My publications have been less directly targeted at Warburg and his followers or the Vienna School than being pieces of research inspired or stimulated by a number of problems of theory that arose for me from the publications of those scholars. The theoretical difficulties emerging from the interactions of image and text within a discipline of art history, common to the entire group of European scholars, have remained fundamental for me. But the more I studied the issues involved in convincingly connecting religious ideas and changing practices among both clergy and laity in the Western tradition, the more I began to doubt that we art historians had a strong enough grasp of the historical evidence. Distinctions drawn between ‘liturgical’ and ‘devotional’ began to seem less convincing.
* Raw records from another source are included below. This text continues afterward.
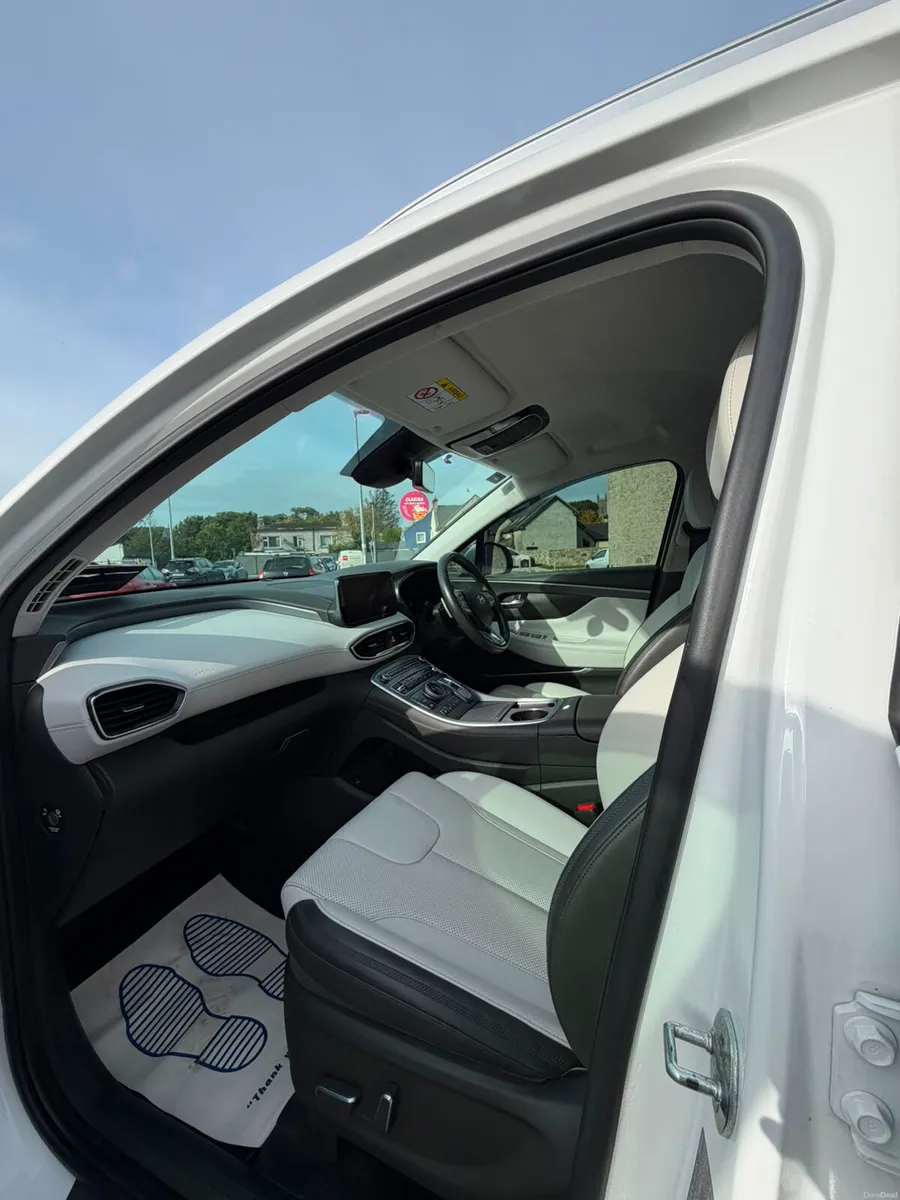 Hyundai Santa Fe 2022 - Image 6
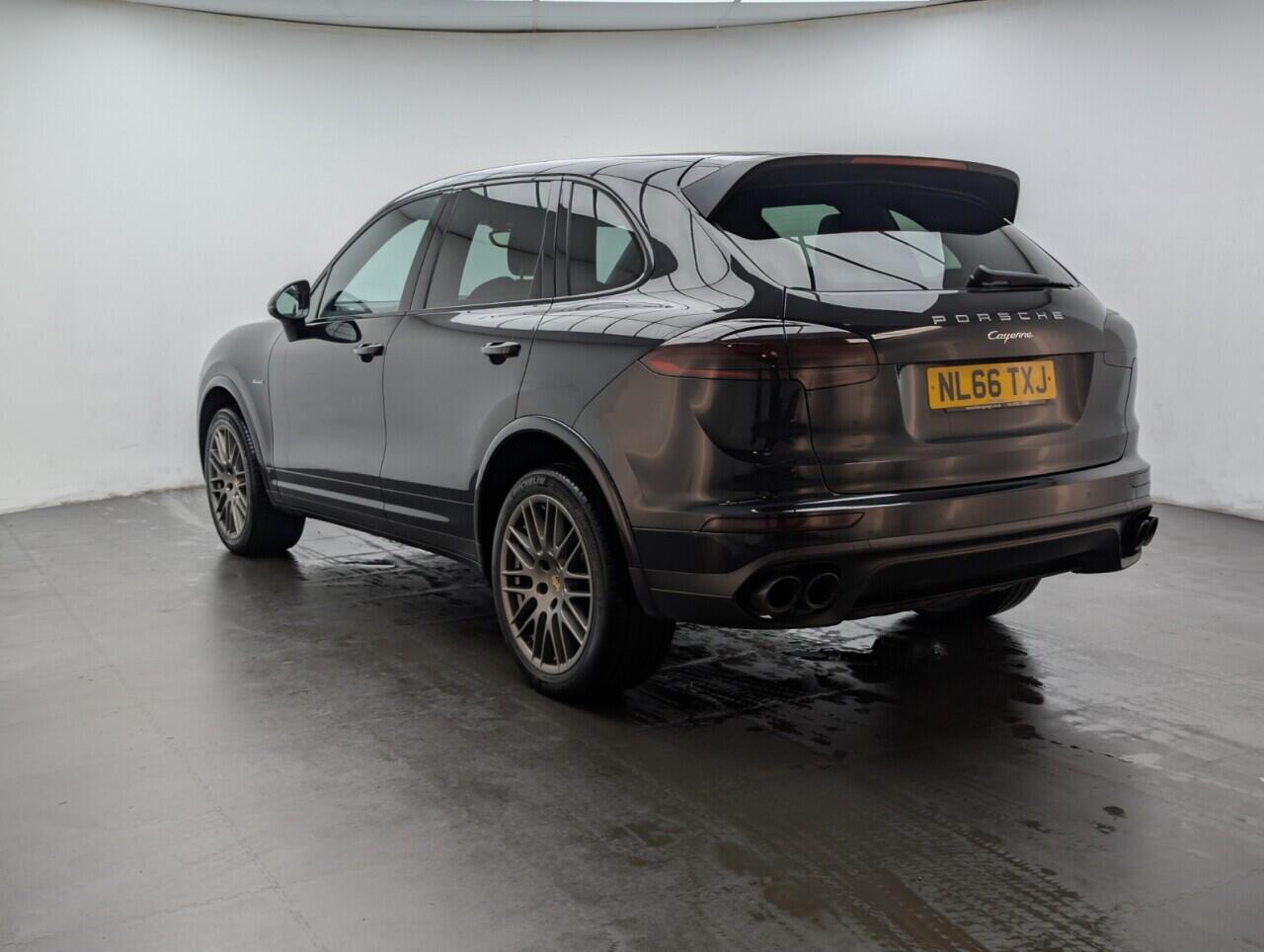 Used Porsche Cayenne 2016 for sale - 77574716: Photo 6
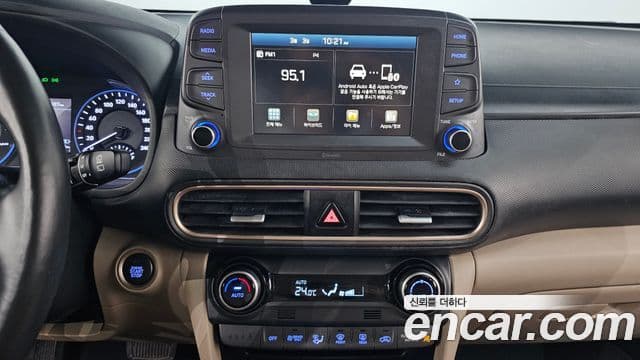 Hyundai Kona гибрид Special, 2020 14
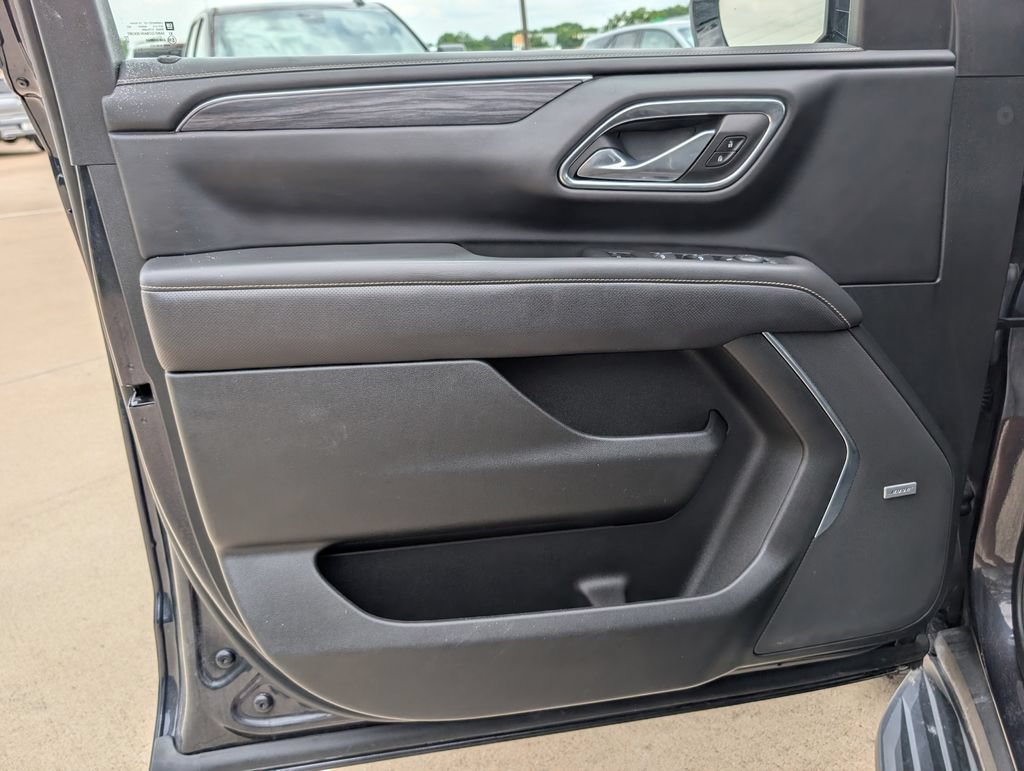 Used 2023 GMC Yukon XL SLT AWD/4WD image 16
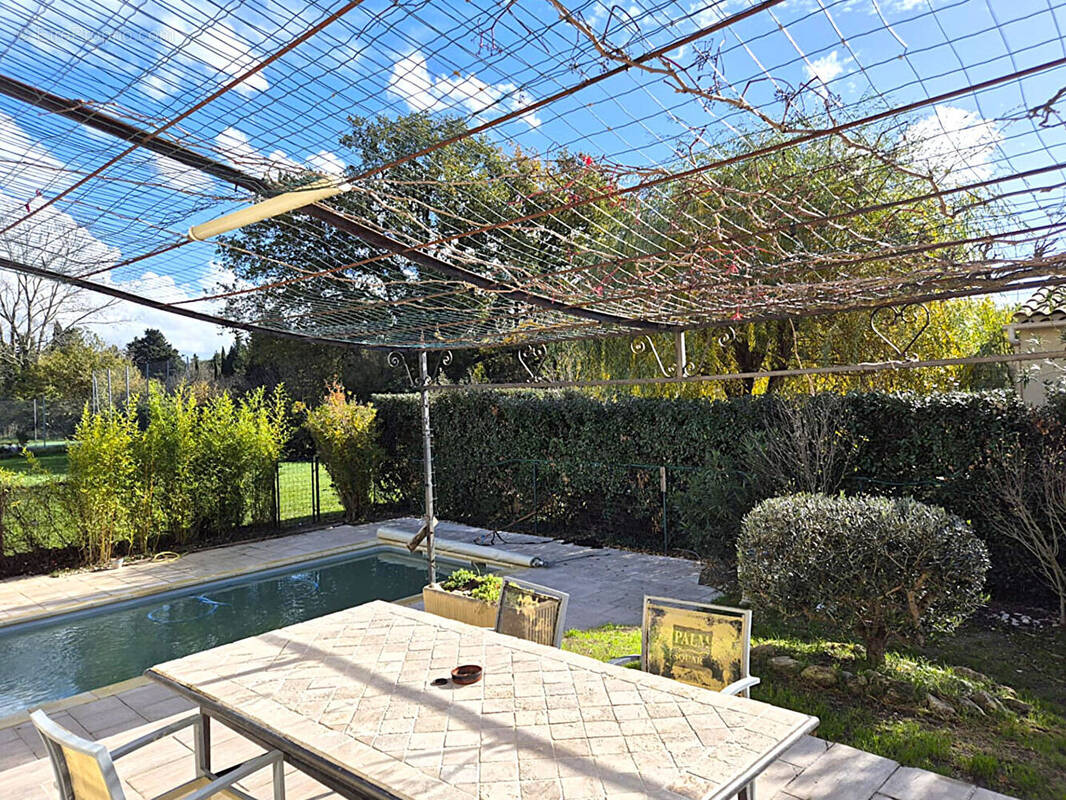 Maison à LORIOL-DU-COMTAT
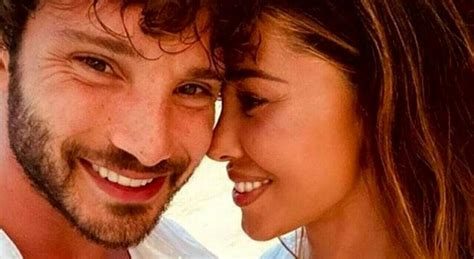 Belen Stefano De Martino Distrutto Dalla Separazione Lui Risponde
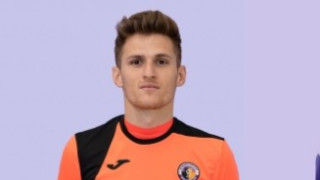 Двама футболисти на Етър празнуват днес рожден ден Вратарят Анатолий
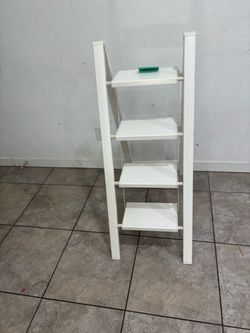 White 4-step ladder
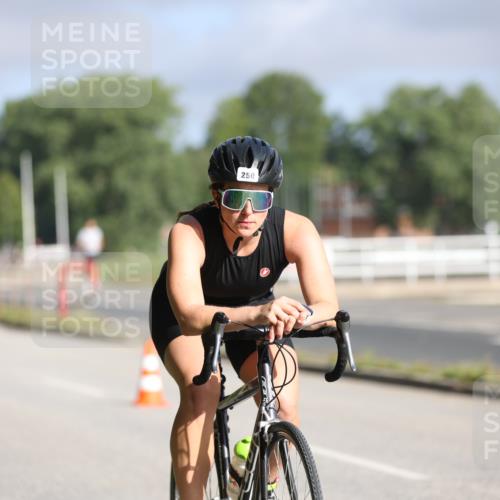 17.08.2025 - KN Förde Triathlon 2025 Yannick Fuchs http://msf.ph/oto/8614991 17.08.2025 09:28:49 Radfahren 175, 250, 119, 175, 176, 182, 254 meine-sportfotos.de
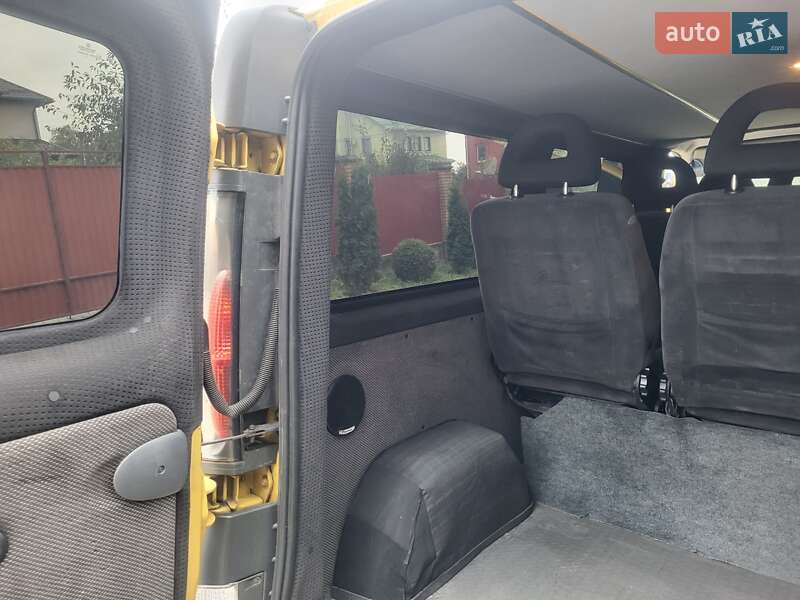Минивэн Opel Vivaro 2004 в Хмельницком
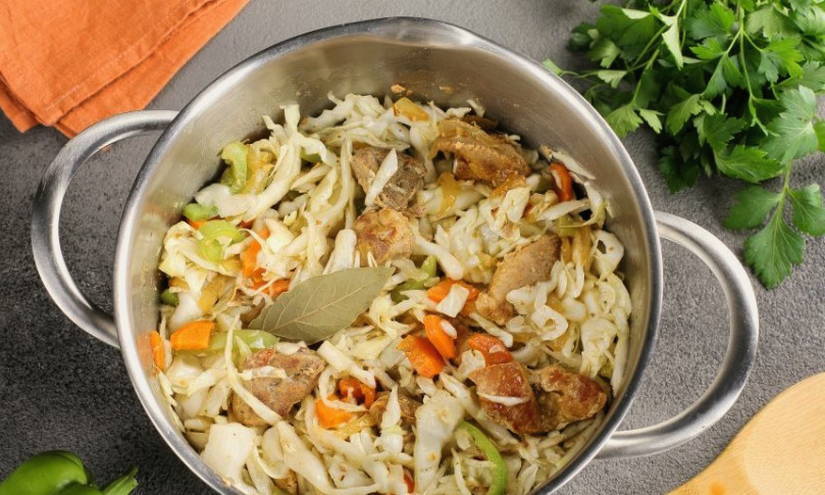 Тушеная капуста с мясом в кастрюле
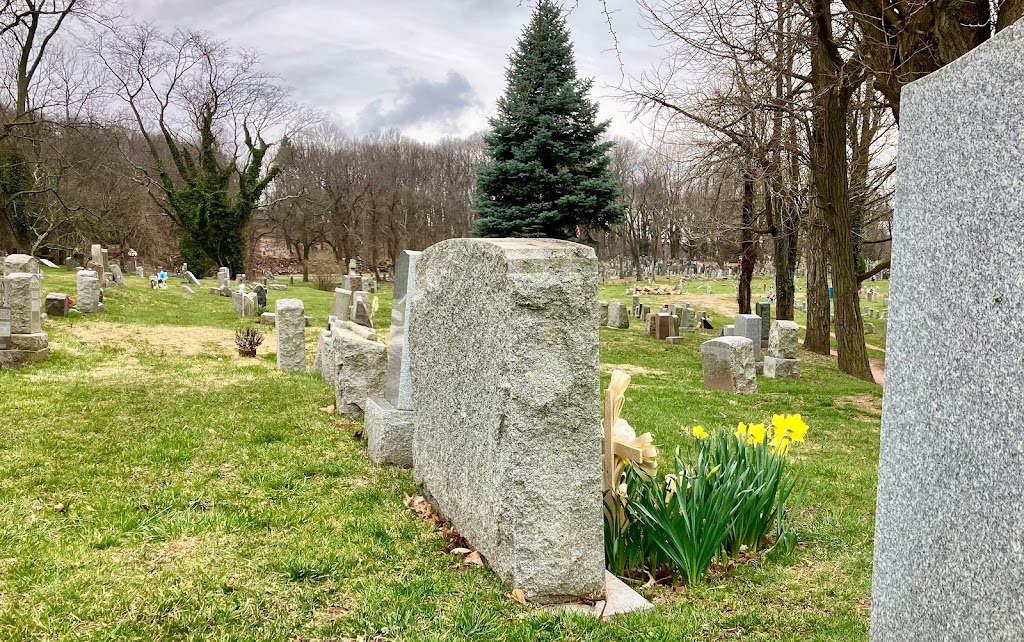 Silver Mount Cemetery Association | 918 Victory Blvd, Staten Island, NY 10301 | Phone: (718) 727-7020
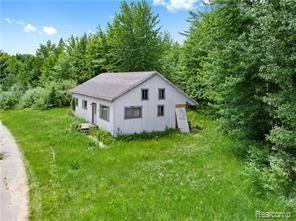 800 Obrien Road Mayville, MI 48744 - Photo 16 of 21 4-1.jpg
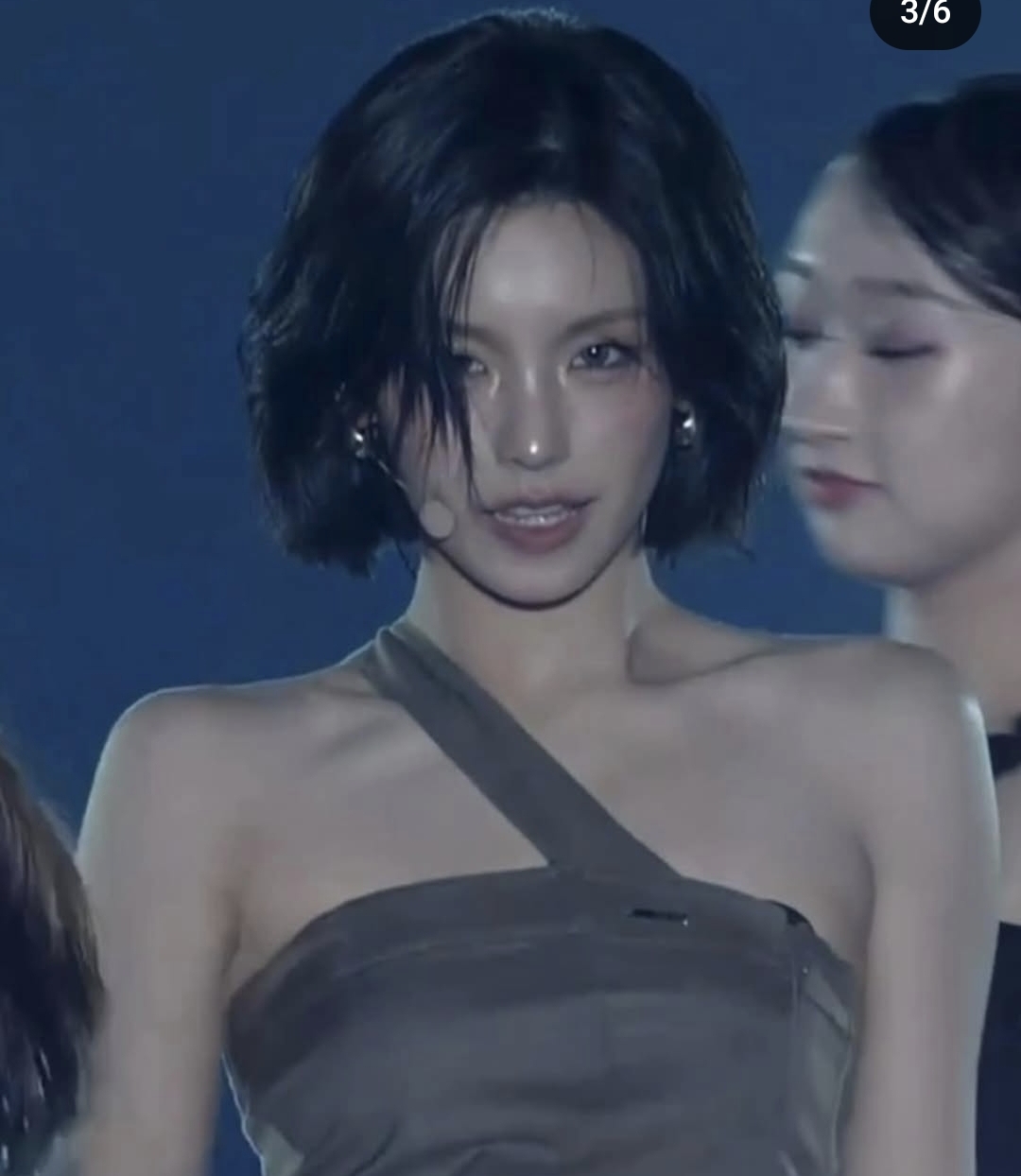[잡담] 예지 단발 뭐야??? 너무 잘 어울려 | 인스티즈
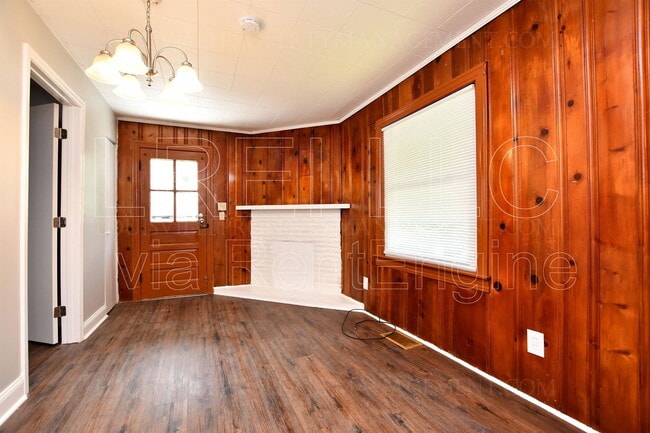 Building Photo - 402 N 41st St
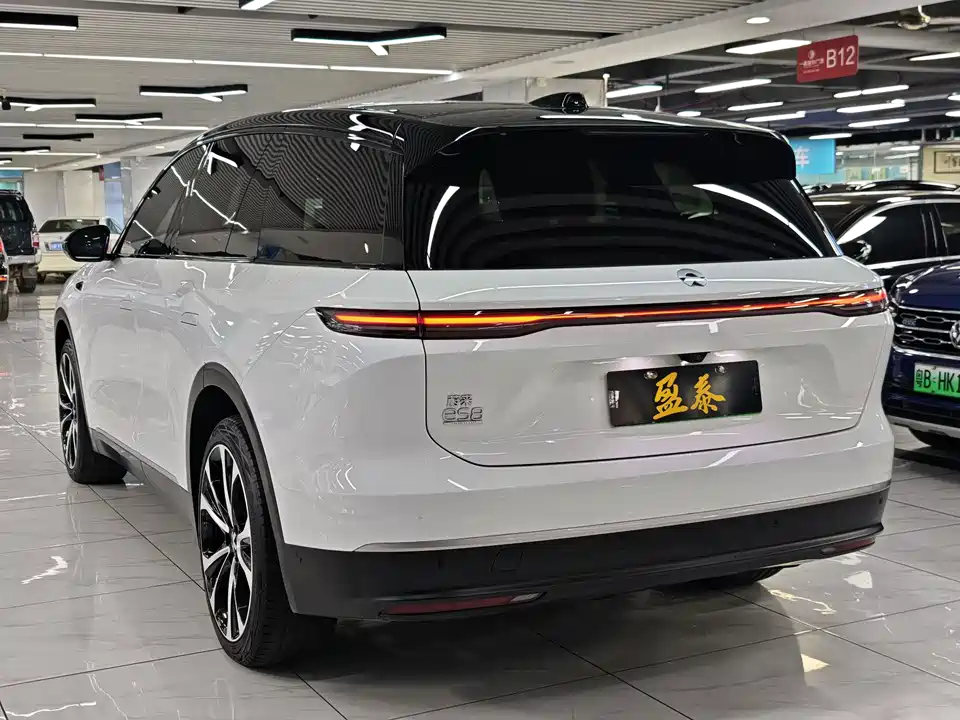 NIO ES8 NIO ES8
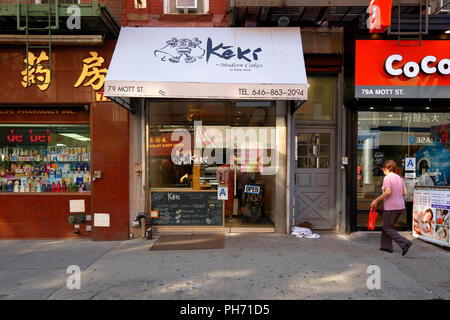 Keki torte moderne, 79 Mott St, New York, NY. esterno alla vetrina di un Taiwanese cheesecake rimbalzanti panetteria di Manhattan a Chinatown Foto Stock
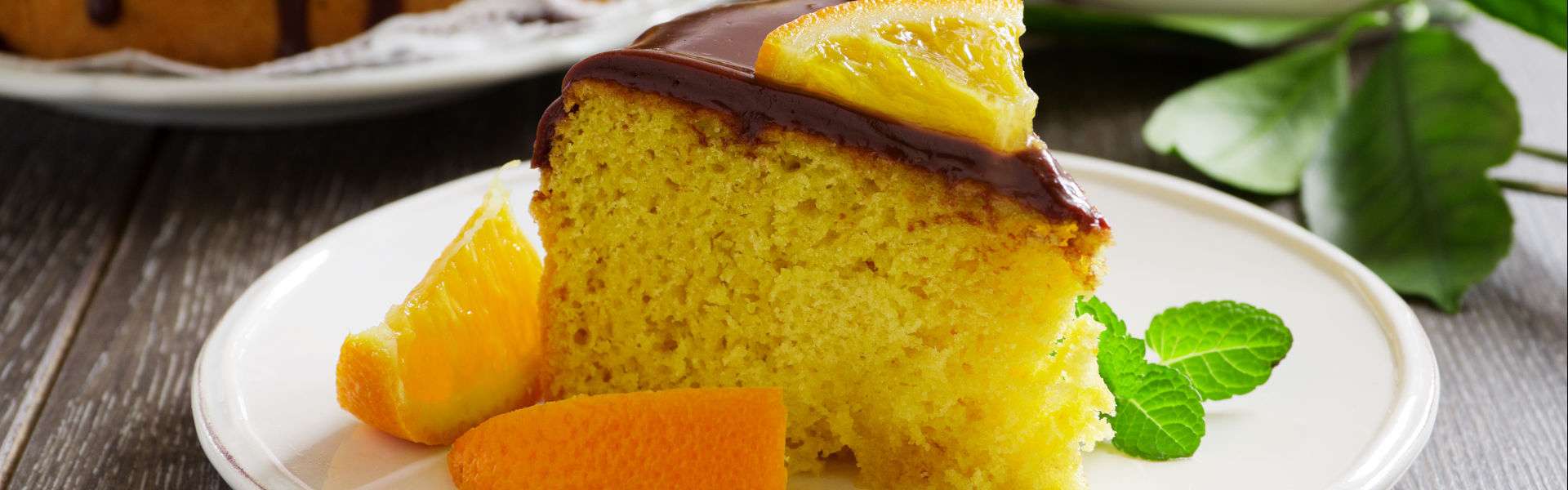 Orange juice and cream cake: very soft and rich in vitamin C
I was surprised but encouraged when I joined a small seminar with Charles Trinkaus while he was a visiting professor and I a fellow at I Tatti in 1981. He was then one of the leading scholars on humanism and religious ideas. He immediately agreed with my apparently shocking belief that we art historians lacked a firm understanding of how the sphere of religion actually functioned in Renaissance Italy. Warburg’s investigation of Sassetti was of course a starting point of thinking that archival research directed at the ecclesiastical libraries surviving in Florence might open up these questions to fresh and profitable analysis. And during the 1970s and 1980s there was an eruption of new research into the Florentine ruling families and the testimony of their archives. This aspect of my work perhaps culminated in the listed volume devoted to San Lorenzo's archive from 2017, where I was able to direct many contributors to unexplored parts of the archive. My research interests in this field began with exploring the transmission of the Patristic issues from my Warburg PhD on Paulinus of Nola and his explanatory early Christian inscriptions for wall decoration into the Counter-Reformation debates on images (Gaston 1973; Gaston 1983a; Gaston 1983b; Gaston 1987; Gaston 1993; Gaston 1995a; Gaston 1996c; Gaston 2005a; Gaston 2009a; Gaston 2013a; Gaston 2014a; Gaston, Waldman 2017; Gaston 2017b; Gaston 2017d; Gaston 2019b).

Then a swerve toward Pirro Ligorio’s problems and antiquarianism: in the late 1970s I discovered the full forty volumes of Ligorio’s unpublished works and in visiting them saw that art historians were with few exceptions (Marcello Fagiolo, Maria Luisa Madonna, Ginette Vagenheim) solely interested in his drawings and ignoring his thousands of dense autograph pages of text. Mandowsky and Mitchell's pioneering Warburg Institute volume of 1963 had been ruthlessly reviewed from the text-edition viewpoint and a fresh approach by art historians was clearly necessary, a solution developed soon by Fagiolo and Madonna with the Edizione Nazionale (Gaston 1988a, Gaston 1988b; related studies: Gaston 1996b; Gaston 2002a; Gaston 2010a; Gaston 2010b; Gaston, Campbell 2010; Gaston 2010c; Gaston 2013; Gaston 2015a; Gaston 2015b; Gaston 2015c; Gaston 2016; Gaston 2019a).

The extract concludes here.